OVER A YEAR AGO, NEW ORLEANS ARTISTS THEO ELIEZER AND MICAH LEARNED devised a new art and literary magazine that would take its inspiration from men’s lifestyle magazines from the 60’s and 70’s, but distill the classically cool and intuitively interesting from the schlock and dated stereotypes. The result is Momma Tried, a “conceptual nudie mag” that is about to run off the print rollers and onto your naked coffee table. Eliezer and Learned’s goal is to present art and writing that is inclusive and descriptive of the vast sexual landscape that exists between the binary poles of pinup porno and lecture hall dissections of libido. In addition, Momma Tried has a non-heteronormative editorial stance, which means that its ideal reader can aspire to the level of coolness contained inside no matter their gender, sexual status, or smoking jacket size.
Ryan Sparks interviewed the two founders earlier this year. He followed up with them recently after the printer they initially had formed a relationship rejected the magazine after seeing the final product. After a long search for a new printer that would accept the magazine--and its liberal nudity--issue #1 is finally here.
What essence of 60's and 70's mags did you most want to emulate? Which were you eager to avoid?
Micah: The late 1960’s and 1970’s were the heyday for modern magazines. A number of publications were taking risks with their content and art direction at that time. George Louis and Jean-Paul Goude, two of the best art directors to work in the medium, held positions at Esquire back-to-back. From covers like ‘The Passion of Muhammad Ali’ to ‘Andy Warhol Drowns in his Own Soup’ to “Oh my God - we hit a little girl.”, George Lois’ covers often operated as both celebrations and subversions of the medium. Jean-Paul Goude was also really quite experimental, especially in his development of what came to be known as the ‘French Correction,’ a sort of pre-Photoshop manipulation of the body. And Harold Hayes, as editor of Esquire, was helping to revolutionize journalism with a stable of writers from Tom Wolfe and Truman Capote to Gay Telese. They introduced and legitimized New Journalism to a mainstream audience.
At the same time, Playboy was publishing all these experimental, often leftist, and previously blacklisted, authors and combining these perspectives with somewhat revolutionarily open portrayals of sexuality. It was the first and possibly only coffee-table nudie mag in America. “I only read Playboy for the articles,” may be a cliche and a bit tongue in-cheek but, in many cases, it was also true.

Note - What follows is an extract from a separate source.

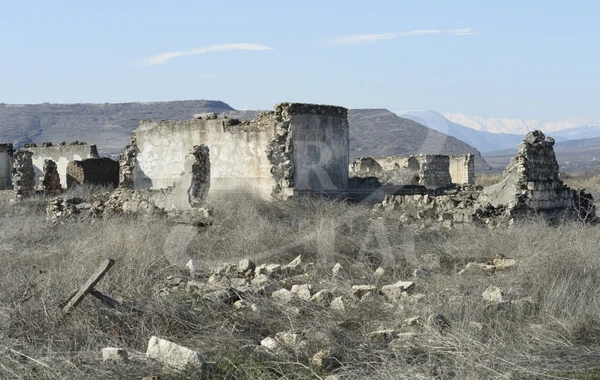 Ağdam rayonunun Talışlar kəndi - FOTO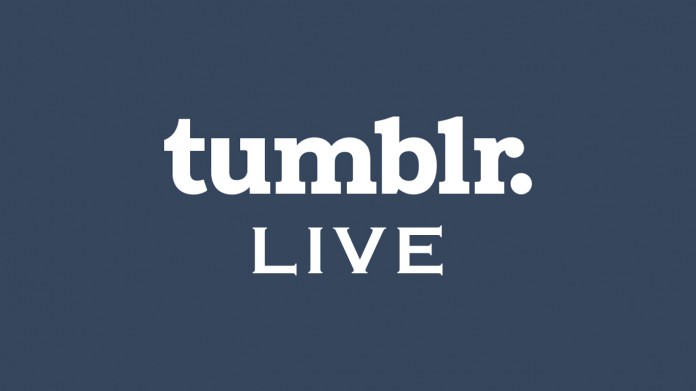 Logo Tumblr live streaming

I think with a brief overview of these magazines its clear why they continue to be influential, and a major source of inspiration and appropriation; however, they always were and are increasingly problematic. From the advertisements to the comic corners, there was a pervasive misogyny at the core of these magazines. They were incessantly straight. And, in the case of Playboy, they steadily contributed to an unrealistic ideal for female beauty which has had lasting negative impacts upon women’s body image and men’s expectations.
Does Momma Tried function as a comment (implicitly or explicitly) on today's pornographic and lifestyle magazines, or is it more about just taking those concepts down a different alley?
Theo: Momma Tried isn’t a direct commentary on pornography or lifestyle magazines, though there are some aspects of both that we are specifically addressing, such as the lack of diversity, unrealistic standards of beauty, and heteronormative portrayals of relationships and sexuality that are outdated and alienating to lots of people.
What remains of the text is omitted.